- Major General Roome in 1945
- Born: 17 May 1887 Westbury, Tasmania, Australia
- Died: 29 June 1964 (aged 77) East Cowes, Isle of Wight, England
- Allegiance: United Kingdom
- Branch: British Army
- Service years: 1907–1947
- Rank: Major-General
- Unit: Royal Engineers
- Conflicts: First World War Second World War
- Awards: Knight Commander of the Order of the Indian Empire Companion of the Order of the Bath Commander of the Order of the British Empire Military Cross Mentioned in Despatches
- Relations: Major-General Oliver Roome (son)

= Horace Roome =

Major-General Sir Horace Eckford Roome, (17 May 1887 – 29 June 1964) was an officer of the Royal Engineers.

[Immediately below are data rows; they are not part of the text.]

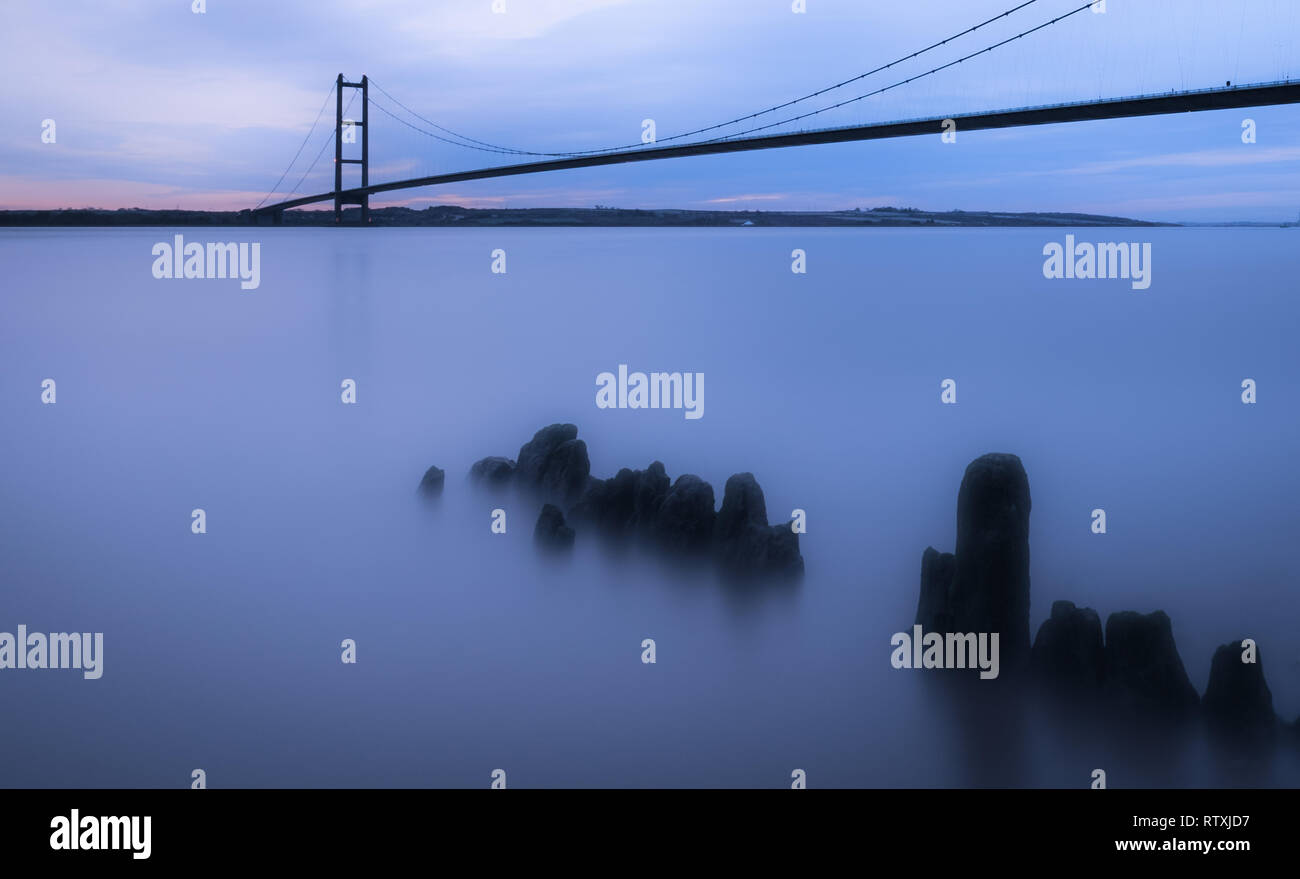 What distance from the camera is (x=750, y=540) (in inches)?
294

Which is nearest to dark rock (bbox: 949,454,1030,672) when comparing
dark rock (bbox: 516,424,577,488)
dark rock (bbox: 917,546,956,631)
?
dark rock (bbox: 917,546,956,631)

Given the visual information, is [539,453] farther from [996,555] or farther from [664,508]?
[996,555]

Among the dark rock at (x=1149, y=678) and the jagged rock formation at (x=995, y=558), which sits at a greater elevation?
the jagged rock formation at (x=995, y=558)

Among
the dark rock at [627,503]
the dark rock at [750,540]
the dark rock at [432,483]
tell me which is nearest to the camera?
the dark rock at [750,540]

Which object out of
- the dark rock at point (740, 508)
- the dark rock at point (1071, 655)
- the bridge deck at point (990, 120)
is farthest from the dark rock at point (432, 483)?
the bridge deck at point (990, 120)

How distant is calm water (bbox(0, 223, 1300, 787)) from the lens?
5598 millimetres

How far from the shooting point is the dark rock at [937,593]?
229 inches

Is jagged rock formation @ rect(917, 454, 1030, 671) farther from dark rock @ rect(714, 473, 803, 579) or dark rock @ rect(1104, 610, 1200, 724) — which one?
dark rock @ rect(714, 473, 803, 579)

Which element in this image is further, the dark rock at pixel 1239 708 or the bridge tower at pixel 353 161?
the bridge tower at pixel 353 161

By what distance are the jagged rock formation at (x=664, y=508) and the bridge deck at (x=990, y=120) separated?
10.3m

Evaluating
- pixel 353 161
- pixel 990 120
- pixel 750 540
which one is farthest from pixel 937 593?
pixel 353 161

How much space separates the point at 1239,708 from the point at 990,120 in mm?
13919

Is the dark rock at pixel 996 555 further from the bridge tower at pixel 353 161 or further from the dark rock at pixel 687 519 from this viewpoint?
the bridge tower at pixel 353 161
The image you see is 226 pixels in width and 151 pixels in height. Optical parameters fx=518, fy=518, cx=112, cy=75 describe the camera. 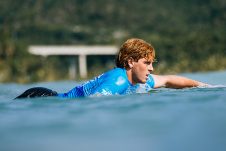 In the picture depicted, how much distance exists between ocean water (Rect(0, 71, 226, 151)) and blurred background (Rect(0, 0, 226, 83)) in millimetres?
21365

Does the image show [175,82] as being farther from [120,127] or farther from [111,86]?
[120,127]

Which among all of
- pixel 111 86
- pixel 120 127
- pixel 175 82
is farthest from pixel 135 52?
pixel 120 127

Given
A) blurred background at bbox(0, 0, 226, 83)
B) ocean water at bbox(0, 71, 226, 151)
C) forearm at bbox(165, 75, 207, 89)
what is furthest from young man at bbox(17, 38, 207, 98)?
blurred background at bbox(0, 0, 226, 83)

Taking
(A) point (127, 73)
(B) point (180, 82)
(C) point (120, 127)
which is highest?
(A) point (127, 73)

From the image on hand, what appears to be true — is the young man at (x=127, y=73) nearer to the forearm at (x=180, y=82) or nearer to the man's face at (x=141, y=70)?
the man's face at (x=141, y=70)

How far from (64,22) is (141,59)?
4652 inches

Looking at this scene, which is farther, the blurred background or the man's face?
the blurred background

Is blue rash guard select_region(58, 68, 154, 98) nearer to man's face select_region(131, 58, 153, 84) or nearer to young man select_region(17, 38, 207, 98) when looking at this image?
young man select_region(17, 38, 207, 98)

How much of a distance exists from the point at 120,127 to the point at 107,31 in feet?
300

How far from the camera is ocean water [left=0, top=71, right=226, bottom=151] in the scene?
3.62 m

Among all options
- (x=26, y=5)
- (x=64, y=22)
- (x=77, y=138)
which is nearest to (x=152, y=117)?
(x=77, y=138)

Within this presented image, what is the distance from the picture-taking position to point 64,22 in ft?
406

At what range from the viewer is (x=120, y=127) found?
4070 millimetres

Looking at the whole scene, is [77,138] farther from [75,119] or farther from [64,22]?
[64,22] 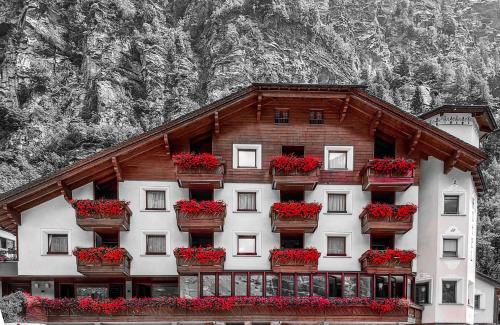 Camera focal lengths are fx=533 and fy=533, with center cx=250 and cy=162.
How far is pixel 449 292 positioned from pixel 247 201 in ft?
36.5

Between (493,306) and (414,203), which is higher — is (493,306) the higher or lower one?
the lower one

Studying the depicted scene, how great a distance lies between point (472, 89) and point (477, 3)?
62.7 m

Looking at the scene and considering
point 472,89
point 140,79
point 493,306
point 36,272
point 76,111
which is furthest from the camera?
point 472,89

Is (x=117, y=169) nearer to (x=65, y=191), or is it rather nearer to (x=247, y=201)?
(x=65, y=191)

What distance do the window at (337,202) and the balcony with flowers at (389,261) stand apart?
8.88 feet

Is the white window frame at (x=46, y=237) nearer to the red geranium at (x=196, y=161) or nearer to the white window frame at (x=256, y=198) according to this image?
the red geranium at (x=196, y=161)

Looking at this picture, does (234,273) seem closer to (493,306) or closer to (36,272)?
(36,272)

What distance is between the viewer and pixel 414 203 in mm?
27188

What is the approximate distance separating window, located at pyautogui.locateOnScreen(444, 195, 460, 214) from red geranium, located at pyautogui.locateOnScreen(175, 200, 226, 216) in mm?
11457

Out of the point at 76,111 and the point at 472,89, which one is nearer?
the point at 76,111

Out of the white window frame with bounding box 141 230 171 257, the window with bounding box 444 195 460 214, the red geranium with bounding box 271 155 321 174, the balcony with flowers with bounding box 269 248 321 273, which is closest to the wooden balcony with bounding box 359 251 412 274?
the balcony with flowers with bounding box 269 248 321 273

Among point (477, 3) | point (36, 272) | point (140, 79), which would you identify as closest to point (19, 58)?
point (140, 79)

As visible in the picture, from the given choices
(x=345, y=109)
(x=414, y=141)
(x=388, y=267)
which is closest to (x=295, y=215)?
(x=388, y=267)

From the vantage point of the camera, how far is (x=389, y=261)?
83.5ft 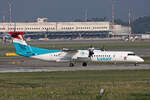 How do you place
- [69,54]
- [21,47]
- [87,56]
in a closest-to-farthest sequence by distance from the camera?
[21,47], [87,56], [69,54]

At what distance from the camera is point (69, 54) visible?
197ft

Roome was commissioned into the Royal Engineers from the Royal Military Academy, Woolwich, on 18 December 1907. He served during the First World War, during which he was awarded the Military Cross in 1916 for "distinguished service in the field in Mesopotamia" and was Mentioned in Despatches.

During the Second World War, Roome was appointed Brigadier and Chief Engineer India from 1 August 1939 to 20 November 1941. He was promoted to acting major-general on 21 November 1941, temporary major-general on 21 November 1942, and finally substantive major-general on 8 May 1944 (with seniority 25 September 1941). He was Engineer-in-Chief at General Headquarters, India in 1945.

Roome was appointed a Commander of the Order of the British Empire in 1941 and a Companion of the Order of the Bath in 1944. He was knighted as a Knight Commander of the Order of the Indian Empire in 1946. He retired on 8 January 1947.

His son was Major-General Oliver Roome of the Royal Engineers.